ContainerSSH Reference Manual
The Reference Manual provides reference material for ContainerSSH 0.4 and is oriented towards system operators wishing to use ContainerSSH on their system.
This manual contains documentation on how to set up, configure, monitor, and secure the ContainerSSH installation. If you need a one minute primer on how ContainerSSH works please watch this video.
Changes since ContainerSSH 0.3¶
ContainerSSH 0.4 is major overhaul to the internal structure. As such, this release contains several major improvements to the stability of ContainerSSH. The reference manual for ContainerSSH 0.3 is available here.
The most visible improvement of this release is the new audit logging facility. Audit logging allows operators to capture everything that is happening within an SSH connection, including passwords, keys, typed commands, or SFTP uploads. The audit log can automatically be uploaded to an S3-compatible object storage.
This release also adds a new SSH proxy backend that can be used to forward connections to a backing SSH server. Using this in conjunction with the audit logging facility makes it possible to use ContainerSSH as an auditing and dynamic forwarding SSH proxy.
This release also adds significant improvements to logging. This release adds several hundred log messages across all levels to make debugging potential failures and reporting errors much easier. Most of these log messages have been added with the average operator in mind and the details are sent in the debug log level, which is disabled by default.
Furthermore, we have added a new log format as well as two new log outputs. You can now log in text and JSON formats to stdout, files, or syslog.
Finally, we have added a unique message code to each log message that makes it easier to look up the corresponding documentation in the code list and determine if a log message is cause for concern or not.
The details are described in the logging reference.
The new security module adds a the ability to create a fine-grained filter what interactions over SSH are allowed and which ones should be blocked.
The Kubernetes backend¶
The new Kubernetes backend replaces the previous KubeRun backend. The new Kubernetes backend supports two modes of operation: running a pod per session (multiple per connection) or one pod per connection, using the
exec facility. Support for the new ContainerSSH agent means that the Kubernetes backend now has support for all functions in SSH.
The full list of changes is described in the KubeRun deprecation notice.
The Docker backend¶
The new Docker backend replaces the previous DockerRun backend.
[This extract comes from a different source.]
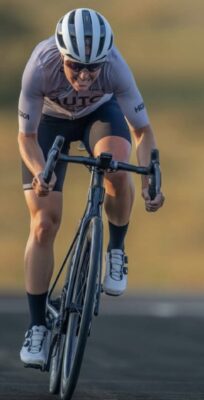 A cyclist wearing a helmet, sunglasses, and a cycling kit rides a road bike on an outdoor track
The new Docker backend supports two modes of operation: running a pod per session (multiple per connection) or one pod per connection, using the
exec facility. Support for the new ContainerSSH agent means that the Docker backend now has support for all functions in SSH.
The full list of changes is described in the DockerRun deprecation notice.
Scoped SSH configuration¶
In order to facilitate multiple daemons in a single binary the SSH
listen configuration is now located under the
The change is described in the listen deprecation notice.
Unified connectionId for authentication and configuration webhooks¶
In the previous version ContainerSSH sent a
sessionId field to the authentication and configuration servers. This is now replaced with the opaque
connectionId, which is mirrored in log files.
The change is described in the sessionId deprecation notice.
SSH key format¶
In the previous version ContainerSSH sent the SSH key in the OpenSSH binary format in the
publicKeyBase64 field. This format was not easy to integrate and it is now replaced with the
publicKey field containing the SSH key in the authorized key format.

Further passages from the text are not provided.